それを容易に拡散するようなプラットフォームもあるということで、偽ニュースの量産だったり、SNS上で振る舞うような偽のペルソナが現れて、より深刻なフェイクニュースの事件が生じかねないという可能性があります。

この後、質問のコーナーでもおそらく出るかなと思うんですが、ChatGPTに“目”や“手足”、つまりセンサーとかモーターがついた時に、本当の脅威になるのかなと感じています。

今のChatGPTは、あくまでも過去の情報しか参照できないので、センサーやモーターで今の情報が取れるようになった時には、もっと怖いことが起こるのかなと想像しています。

ChatGPTや生成系AIをどういうふうに使っていけばいいのか。これは、大学でもいろいろな立場に分かれています。

生成系AIをどのように使っていくか

笹原:これは本学、東京工業大学の例ですが、我々はどちらかというと「(生成系AIを)積極的に使っていきましょう」という立場をとっていますし、教育担当理事の方もそのようにおっしゃっています。

ここが特に重要だなと思っていて、「学生のみなさんの主体性を信頼し、良識と倫理感に基づいて生成系AIを道具として使いこなすことを期待します」と。そうじゃないと、みなさんがAIに隷属することになりますよ、ということを言っています。

ですので、どういうふうにこういうツールを使っていけばいいのか、どんな問題があるのか。まだ未知なところがありますけれども、できるだけクリエイティブな使い方をしていきたいと思っています。

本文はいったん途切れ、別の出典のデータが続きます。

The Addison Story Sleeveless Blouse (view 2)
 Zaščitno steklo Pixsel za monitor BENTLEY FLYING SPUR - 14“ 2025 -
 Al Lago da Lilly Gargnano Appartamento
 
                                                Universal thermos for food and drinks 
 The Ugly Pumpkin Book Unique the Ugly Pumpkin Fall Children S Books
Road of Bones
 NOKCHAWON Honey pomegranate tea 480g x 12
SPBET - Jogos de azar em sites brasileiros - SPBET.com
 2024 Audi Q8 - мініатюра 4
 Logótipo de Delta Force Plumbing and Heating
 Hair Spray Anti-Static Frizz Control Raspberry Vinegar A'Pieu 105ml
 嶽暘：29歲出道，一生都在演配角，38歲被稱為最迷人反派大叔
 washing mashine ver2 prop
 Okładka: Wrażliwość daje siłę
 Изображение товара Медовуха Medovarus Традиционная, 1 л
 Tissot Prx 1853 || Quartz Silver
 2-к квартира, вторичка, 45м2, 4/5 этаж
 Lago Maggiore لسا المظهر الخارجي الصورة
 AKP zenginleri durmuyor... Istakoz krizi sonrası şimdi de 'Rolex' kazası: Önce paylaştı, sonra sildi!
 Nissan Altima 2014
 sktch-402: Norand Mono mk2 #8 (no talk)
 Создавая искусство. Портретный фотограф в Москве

ディープフェイクは必ずしも負の側面ばかりではなくて、リアルタイム性が高いもの、それから複雑性が高いものに対して、効果的にクリエーションを可能にするツールです。もちろん、ビジネスの文脈でもポジティブな効果をもたらすことは大いに考えられます。

同時に、ディープフェイクの弊害も考えておかなければいけないわけなんですが、インフォカリプス(情報の終焉)に向かわないように、つまり、トラストが失われた、何も信頼できないような世界に向かわないようにしなきゃいけない。

情報生態系の“汚染”も弊害の1つ

笹原:本物のような偽物が出回り、実害が生じる可能性を下げたいですし、本物と偽物の区別がつかない環境では、偽物を作っているほうこそが得をするという状況も生じがちです。これを「嘘つきの配当」と言うんですが、こういうことにも気をつけなければいけません。

そして何よりも、不確かなUser Generated Content(ユーザー生成コンテンツ)、およびAI Generated Content(AI生成コンテンツ)が混ざるような状況が生じますので、情報生態系が汚染される。我々が住んでいる情報生態系が汚染されることもありますので、それも潜在的な弊害の1つかなと思います。

我々はフェイクメディアに関する研究を続けていて、実際にディープフェイクを見抜くような技術も作っているところです。

執筆の裏話をちょっと述べて終わりにしたいと思うんですが、実はいろいろ苦労をしました。Stable Diffusionが出るまでは本当に書けなくて、なかなか苦労したんですけれども、その話題が出てから、わりと自分で考えてたことがまとまり始めて、一気に書けたところがあります。

この執筆を終えた2022年の大晦日、まさかChatGPTがここまでになるとは思ってなかったというのも、科学者として正直な感想です。ということで、ぜひみなさんご興味がありましたら、本書(『ディープフェイクの衝撃 AI技術がもたらす破壊と創造』)を手に取っていただければと思います。私からは以上で発表を終わりたいと思います。